If your credit card debt is out of control, it is important to realize that you are not alone. According to Kolmetz, “It’s a very common problem with embarrassment, shame and guilt. Not getting help just takes the problem further.”
Develop a powerful financial system
Getting out of credit card debt is intentional and developing a system, says Todd Christensen, a certified financial counselor and financial educator at MoneyFit, a nonprofit organization that provides debt relief, financial education and personalized support. “The willpower isn’t enough,” he says. “That’s why it’s important to develop a system that automatically pays invoices. The key tool is to create a separate checking account from what you used to pay invoices.”
Once these systems are set up, the debtor can spend money on that other account if necessary, but when it was gone, it was gone, Christensen says. “You can’t transfer more money from the account you pay invoices,” he says. “It’s one of the tools I teach and I make sure my clients aren’t fighting impulse purchases because impulses always win.”
Please know your number
Complement your new financial system with a sustainable budget. This will help you manage your expenses responsibly while continuing your debt payoff journey on track.

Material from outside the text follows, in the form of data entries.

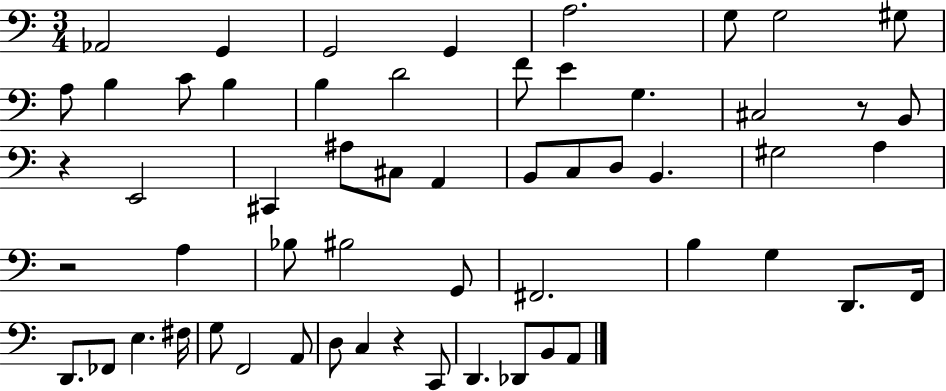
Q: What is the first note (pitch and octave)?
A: Ab2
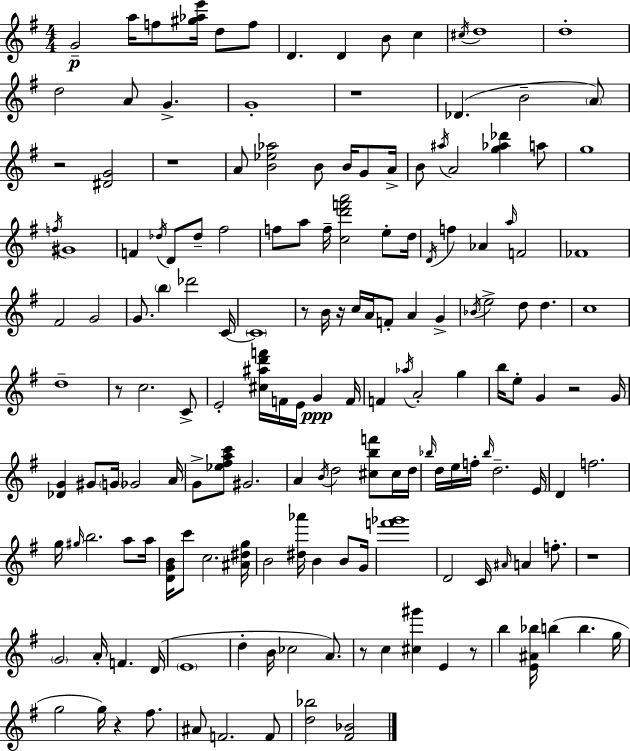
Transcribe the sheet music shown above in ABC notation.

X:1
T:Untitled
M:4/4
L:1/4
K:G
G2 a/4 f/2 [^g_ae']/4 d/2 f/2 D D B/2 c ^c/4 d4 d4 d2 A/2 G G4 z4 _D B2 A/2 z2 [^DG]2 z4 A/2 [B_e_a]2 B/2 B/4 G/2 A/4 B/2 ^a/4 A2 [g_a_d'] a/2 g4 f/4 ^G4 F _d/4 D/2 _d/2 ^f2 f/2 a/2 f/4 [cd'f'a']2 e/2 d/4 D/4 f _A a/4 F2 _F4 ^F2 G2 G/2 b _d'2 C/4 C4 z/2 B/4 z/4 c/4 A/4 F/2 A G _B/4 e2 d/2 d c4 d4 z/2 c2 C/2 E2 [^c^ad'f']/4 F/4 E/4 G F/4 F _a/4 A2 g b/4 e/2 G z2 G/4 [_DG] ^G/2 G/4 _G2 A/4 G/2 [_e^fac']/2 ^G2 A B/4 d2 [^cbf']/2 ^c/4 d/4 _b/4 d/4 e/4 f/4 _b/4 d2 E/4 D f2 g/4 ^g/4 b2 a/2 a/4 [DGB]/4 c'/2 c2 [^A^dg]/4 B2 [^d_a']/4 B B/2 G/4 [f'_g']4 D2 C/4 ^A/4 A f/2 z4 G2 A/4 F D/4 E4 d B/4 _c2 A/2 z/2 c [^c^g'] E z/2 b [E^A_b]/4 b b g/4 g2 g/4 z ^f/2 ^A/2 F2 F/2 [d_b]2 [^F_B]2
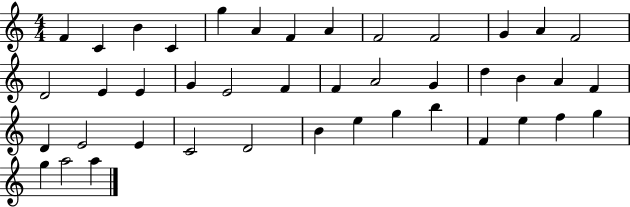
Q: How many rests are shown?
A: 0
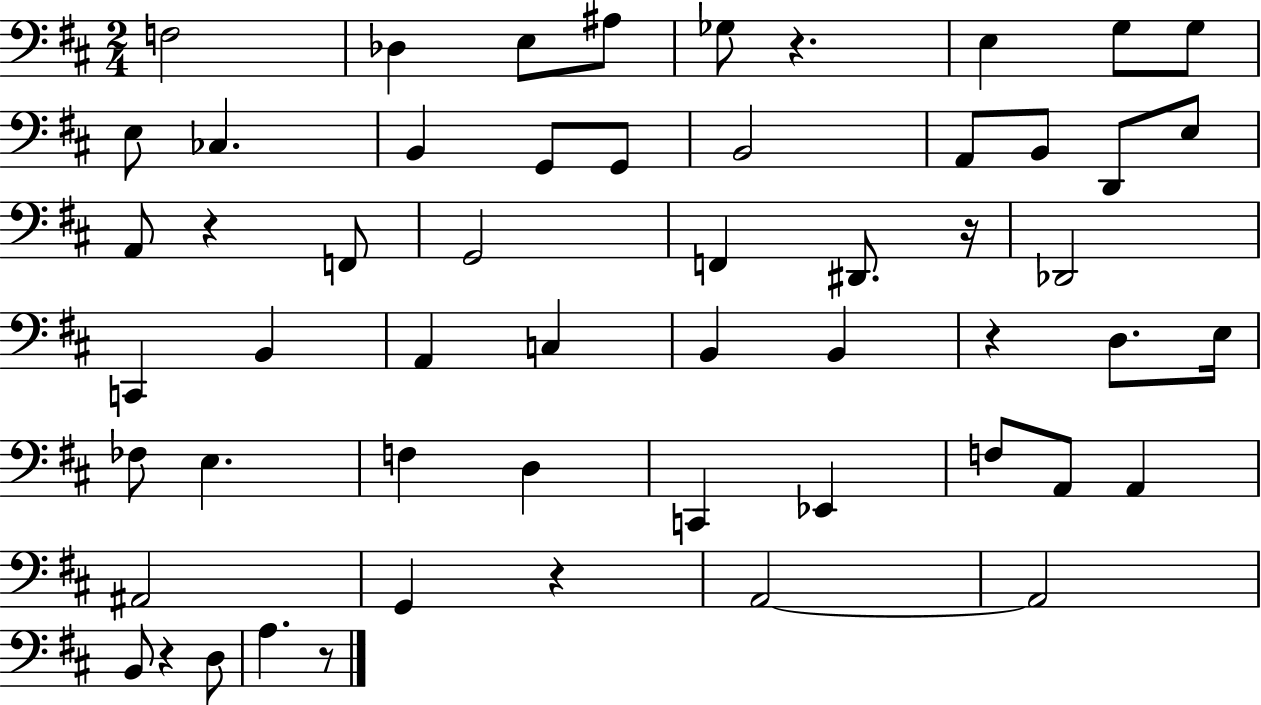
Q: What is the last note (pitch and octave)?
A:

To get started, enter your debt amount to see the estimated monthly payment and repayment time using Bankrate’s credit card payoff calculator. Here’s a way to help reduce the balance of your cards:
The convenience, ease and spending message of Card Issuers could actually work for consumers who take these steps, Christensen said. “You can buy it now and pay later. But it’s really about deliberate spending,” he says. “Money is a finite resource. Your money is the most important thing to you, and how do you intend to control your spending, not what the marketer is telling you?”
Seek professional support
If you don’t manage your own debts, it may be time to get help from reputable nonprofit credit counseling organizations such as Christensen’s MoneyFit, Money Management International (MMI), and GreenPath. These groups can help you create debt management plans that will help you lower your card profits and pay off your balance faster.
“Clients who participate in our program are told their cards will be closed. They will have to live on debit cards, online bill payments, or cash,” says Christensen. “It’s forced discipline. I tell them that this will be uncomfortable or a bit convenient,” Christensen says.
Ironically, card issuers have listed the market how convenient it is to use plastic and build rewards, Christensen says. “It appeals to our nature, but even so, what it really does is make it hard to say no to unnecessary costs,” he says. “The reality is that credit cards are more convenient and are much easier to use with merchants. When you really use them, you accumulate debts faster.”
Conclusion
Every consumer begins a personal financial journey from scratch, but credit card companies have decades of data and billions of transactions, tweaking the system. “They know exactly what works and what doesn’t,” says Colmets. “The real dangers don’t fully understand these powers, or attract you most. This makes you more susceptible. This is not about mathematics. It’s about emotions, perception, behavioral psychology.”